[About this exercise] Copy, word for word, the opening line of the data and each line after it until the line that contains "ペット猫の同情カード、猫を失う カード (黄色い花)", which is included. Leave the pictures out.

[Available data Boundary: Start]

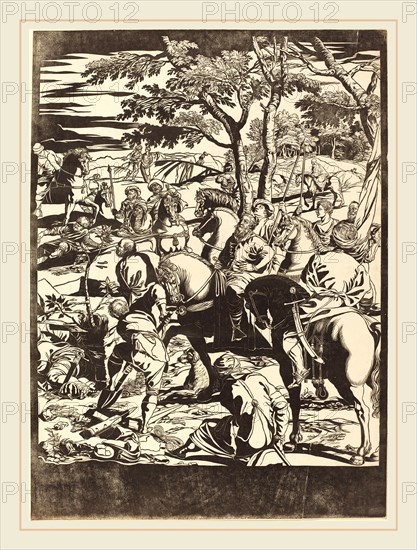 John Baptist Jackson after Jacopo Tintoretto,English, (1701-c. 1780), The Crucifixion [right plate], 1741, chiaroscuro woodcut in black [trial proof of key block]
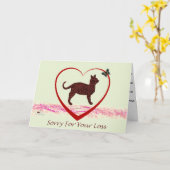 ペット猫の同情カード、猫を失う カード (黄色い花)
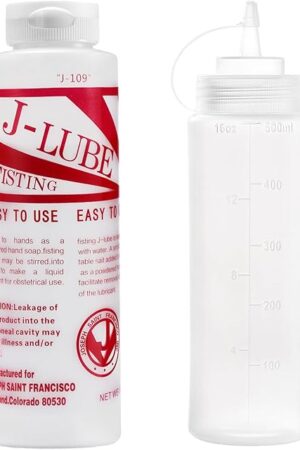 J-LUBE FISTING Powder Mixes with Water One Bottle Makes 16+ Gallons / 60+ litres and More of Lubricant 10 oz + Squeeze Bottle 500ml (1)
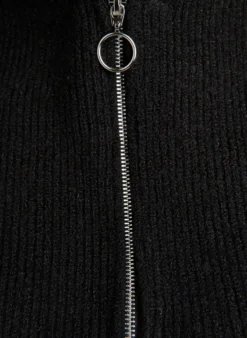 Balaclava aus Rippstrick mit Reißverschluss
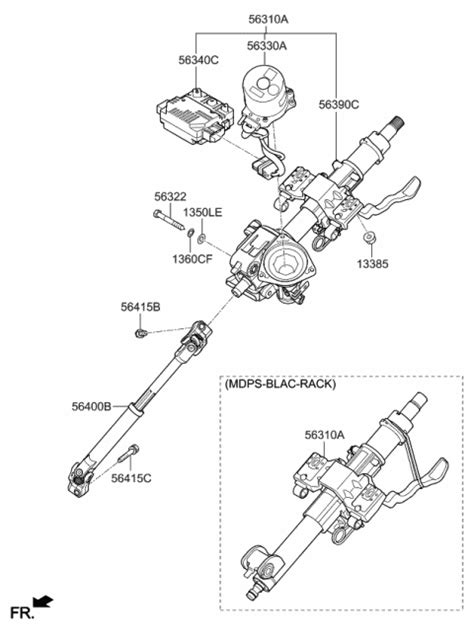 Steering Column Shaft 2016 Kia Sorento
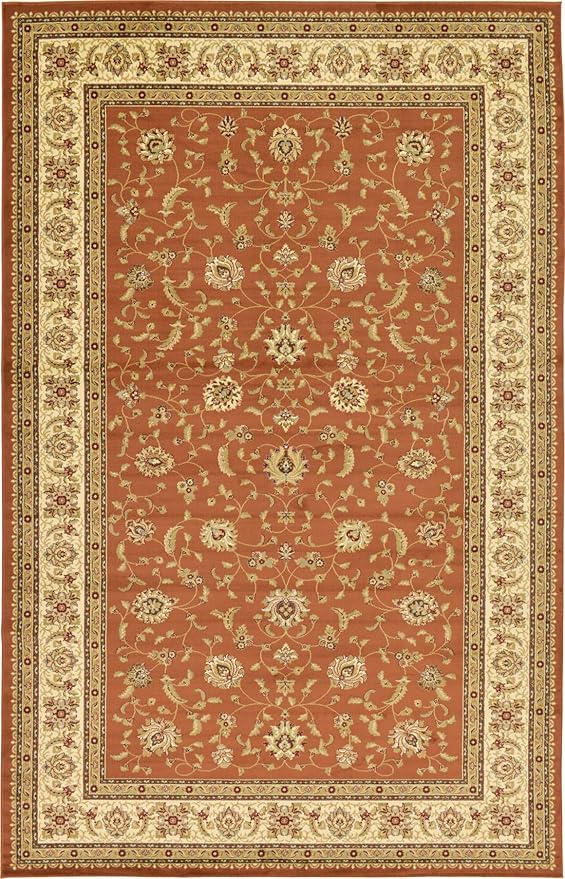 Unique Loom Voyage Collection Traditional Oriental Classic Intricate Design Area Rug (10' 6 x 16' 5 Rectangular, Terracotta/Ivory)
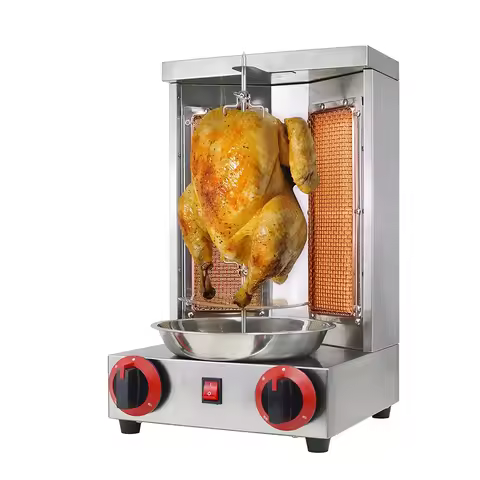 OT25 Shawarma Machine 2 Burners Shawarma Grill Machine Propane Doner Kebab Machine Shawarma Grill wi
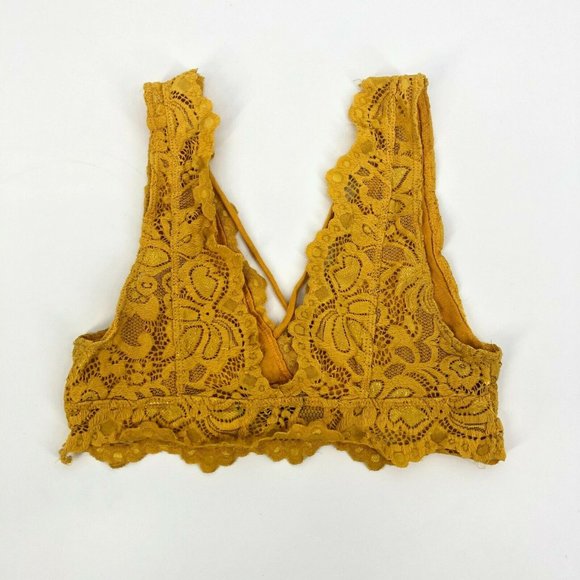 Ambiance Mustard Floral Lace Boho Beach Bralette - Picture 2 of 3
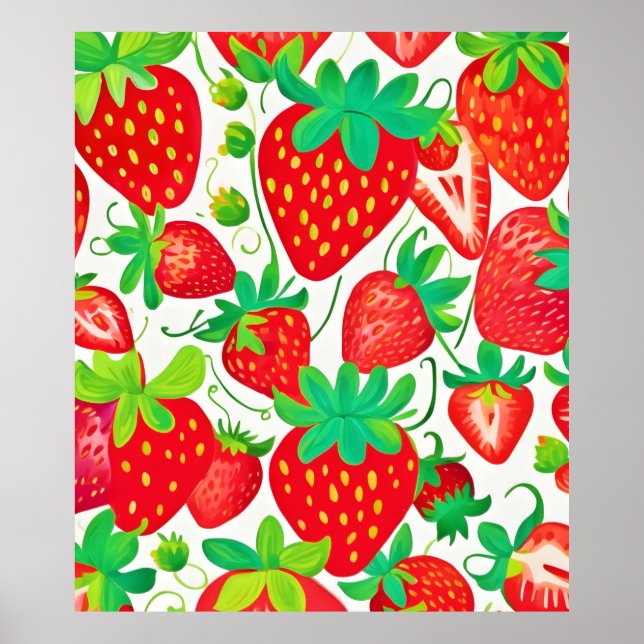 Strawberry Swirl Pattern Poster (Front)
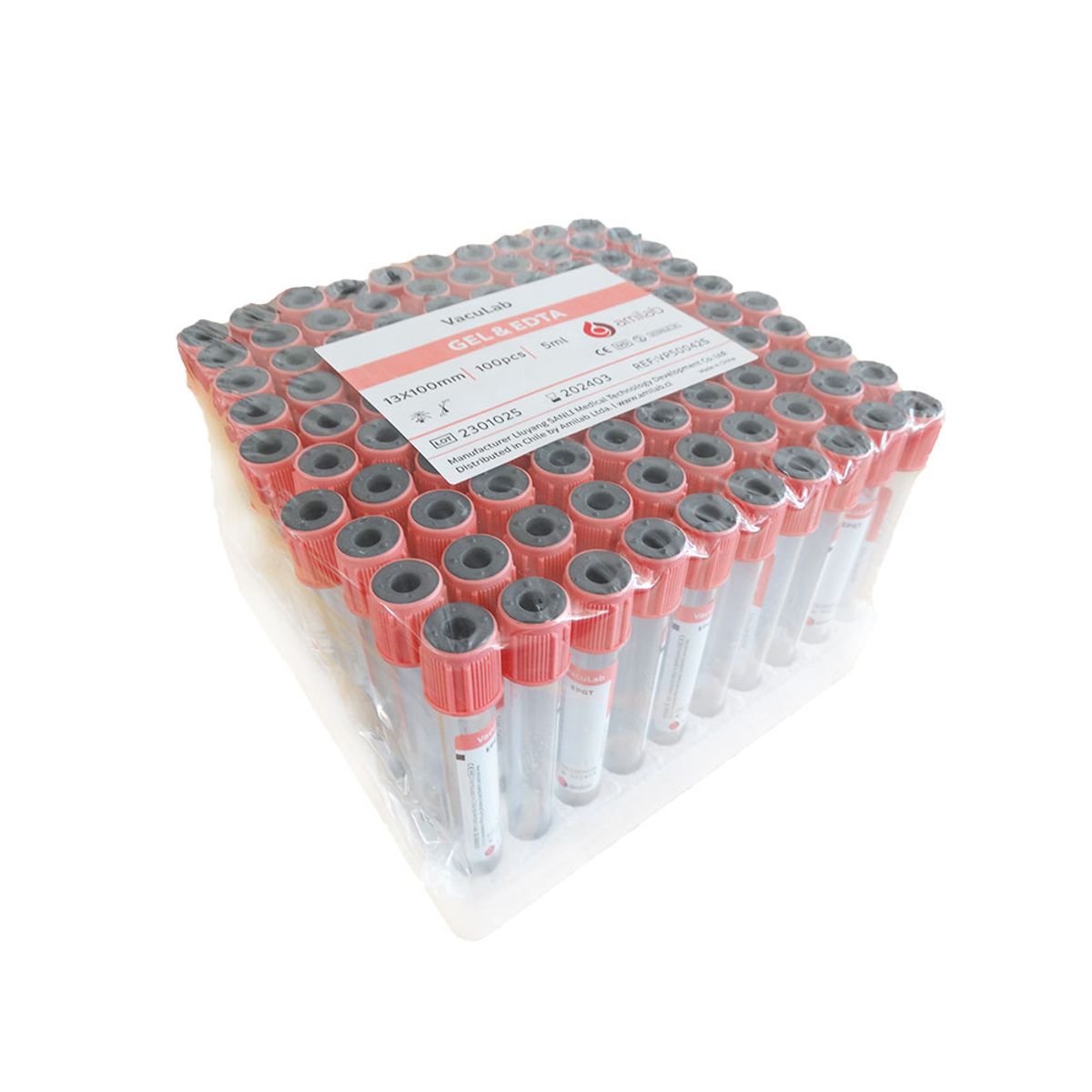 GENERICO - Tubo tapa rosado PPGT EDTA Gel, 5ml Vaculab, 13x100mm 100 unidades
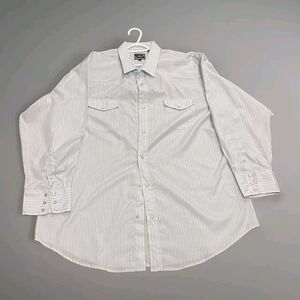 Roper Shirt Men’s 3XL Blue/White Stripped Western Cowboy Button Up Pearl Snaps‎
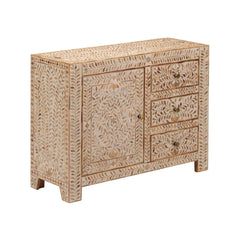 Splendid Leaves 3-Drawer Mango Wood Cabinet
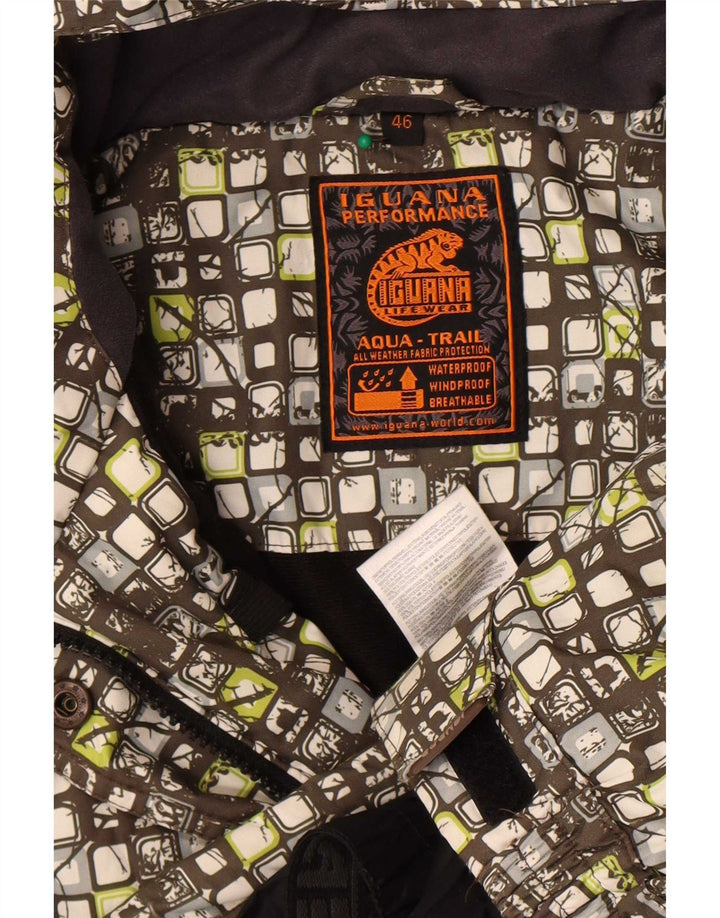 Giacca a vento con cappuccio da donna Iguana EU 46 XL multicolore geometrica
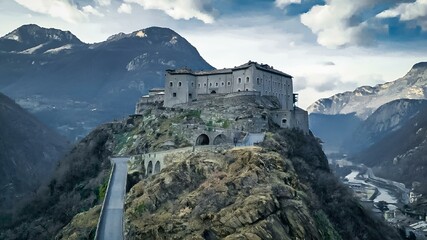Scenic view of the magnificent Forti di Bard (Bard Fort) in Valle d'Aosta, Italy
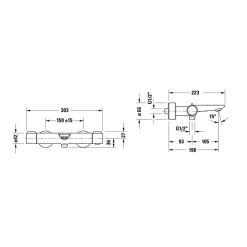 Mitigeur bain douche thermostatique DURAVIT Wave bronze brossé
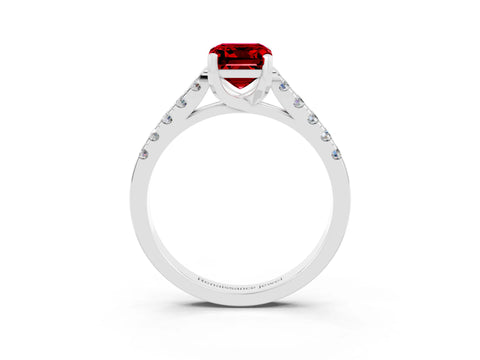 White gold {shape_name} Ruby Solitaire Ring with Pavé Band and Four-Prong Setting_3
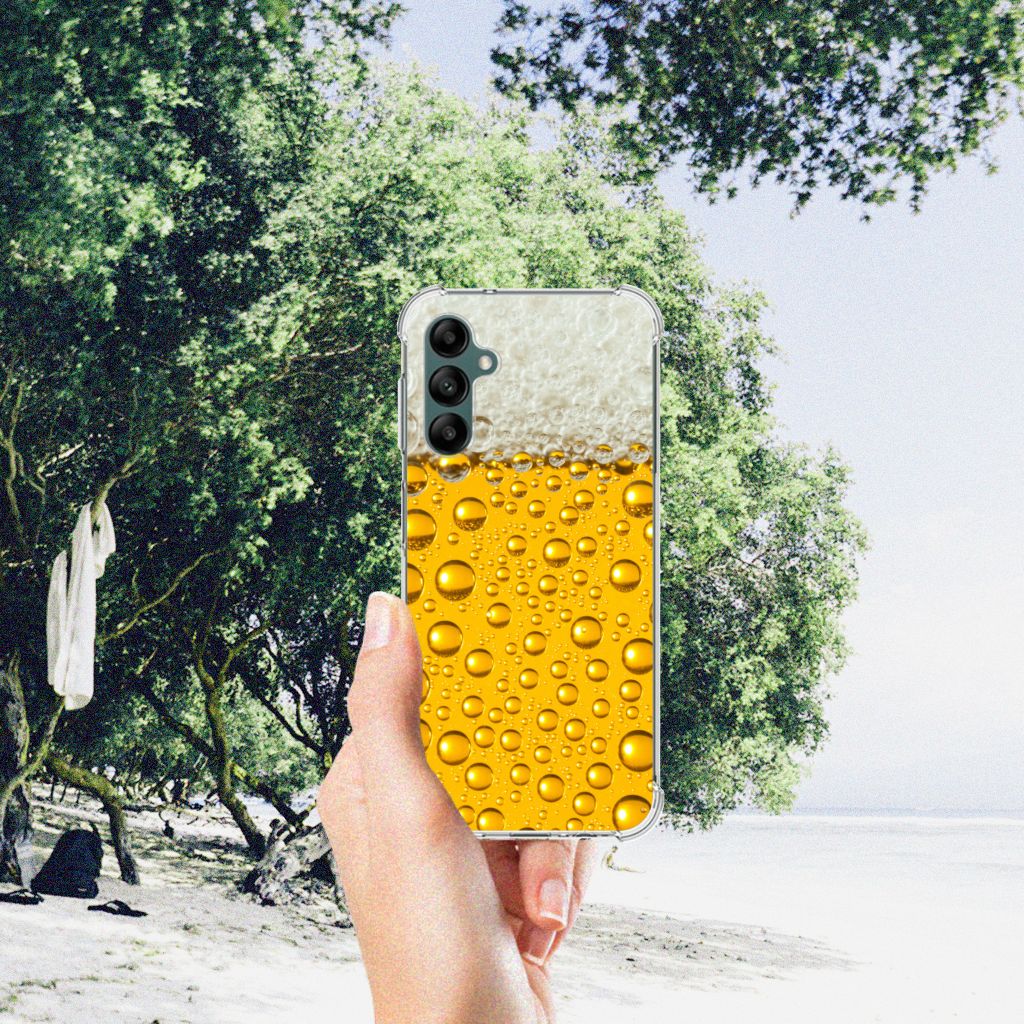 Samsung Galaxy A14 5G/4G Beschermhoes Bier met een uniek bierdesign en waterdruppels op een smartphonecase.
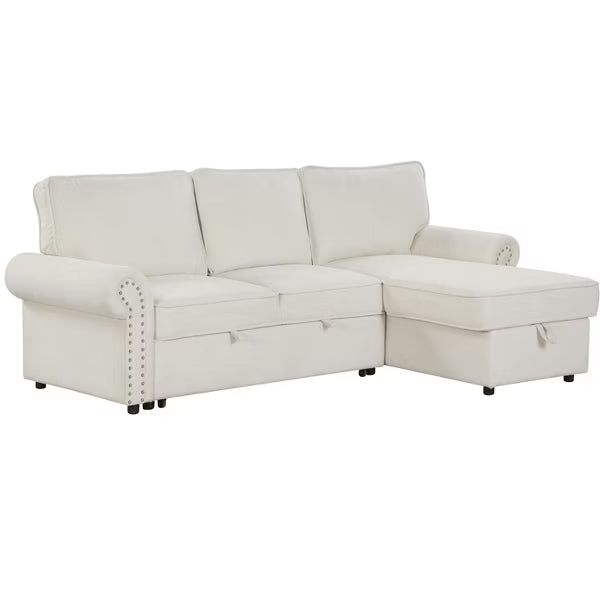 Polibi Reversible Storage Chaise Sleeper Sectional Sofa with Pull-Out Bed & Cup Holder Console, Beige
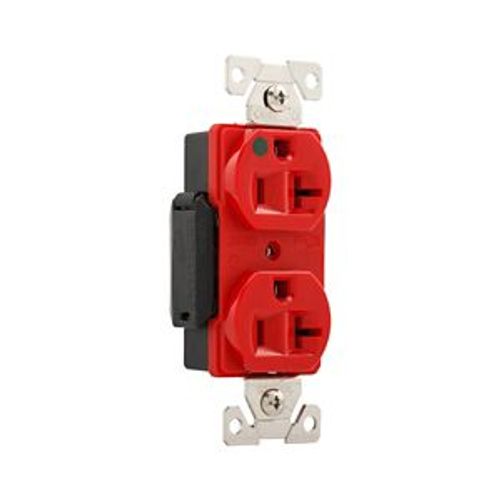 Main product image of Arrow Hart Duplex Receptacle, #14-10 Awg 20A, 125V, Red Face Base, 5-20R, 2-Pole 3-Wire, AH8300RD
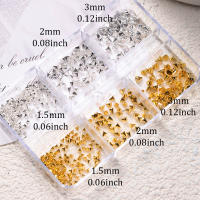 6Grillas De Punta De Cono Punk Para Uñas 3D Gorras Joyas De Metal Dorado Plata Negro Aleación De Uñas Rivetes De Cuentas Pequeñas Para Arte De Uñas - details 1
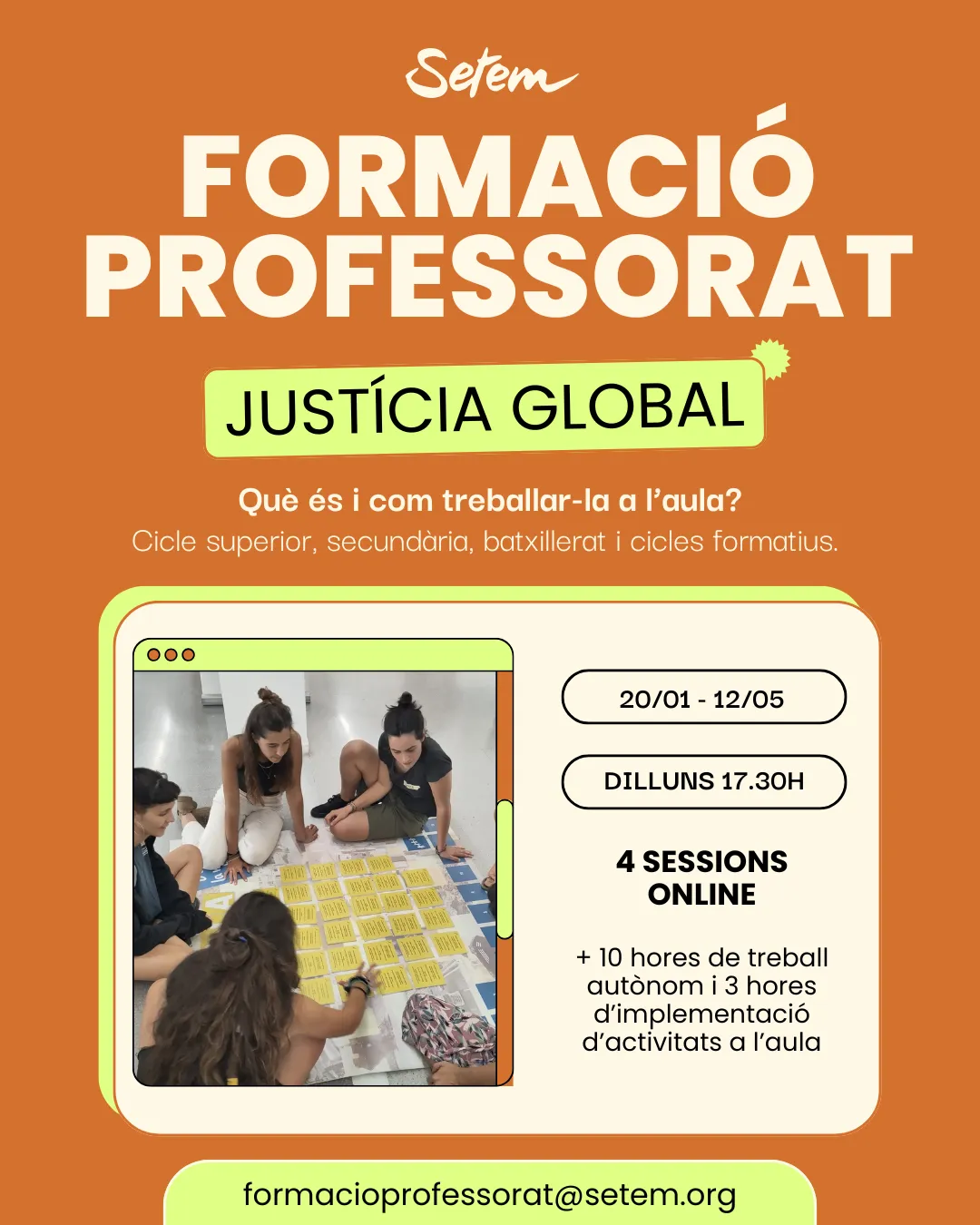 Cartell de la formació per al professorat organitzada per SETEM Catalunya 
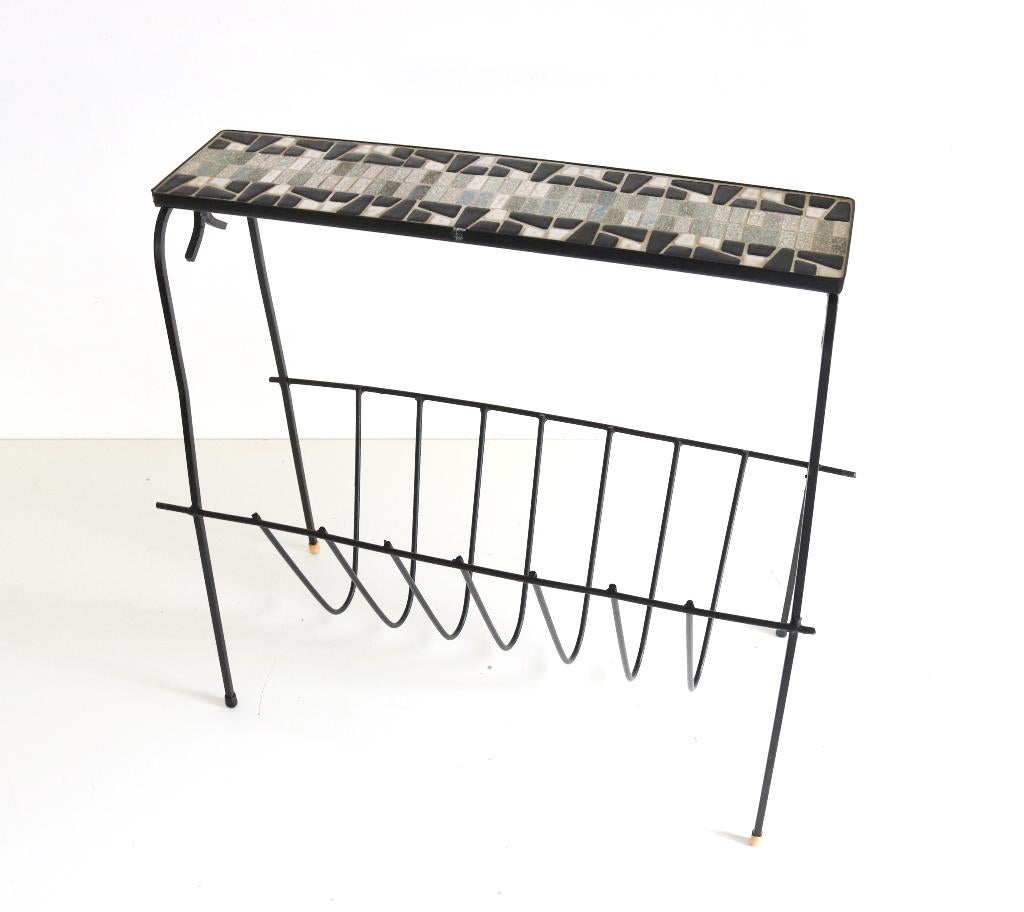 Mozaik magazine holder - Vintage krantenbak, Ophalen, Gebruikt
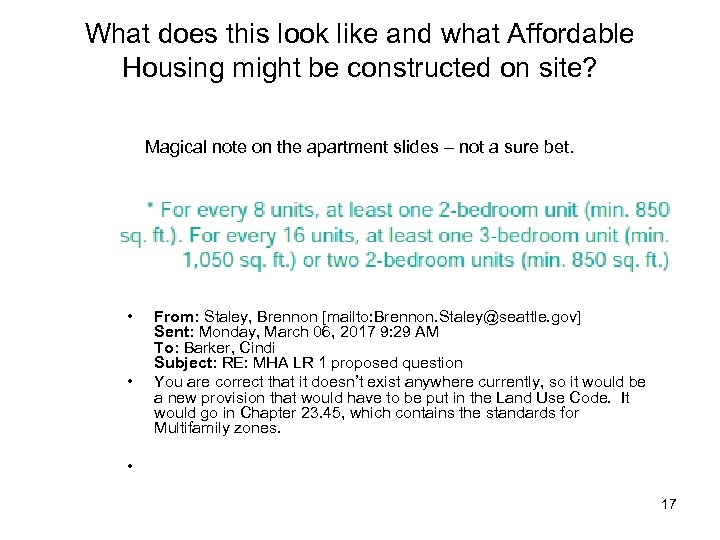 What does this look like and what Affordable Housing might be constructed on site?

[Available data Boundary: End]

[Expected answer]
 John Baptist Jackson after Jacopo Tintoretto,English, (1701-c. 1780), The Crucifixion [right plate], 1741, chiaroscuro woodcut in black [trial proof of key block]
 ペット猫の同情カード、猫を失う カード (黄色い花)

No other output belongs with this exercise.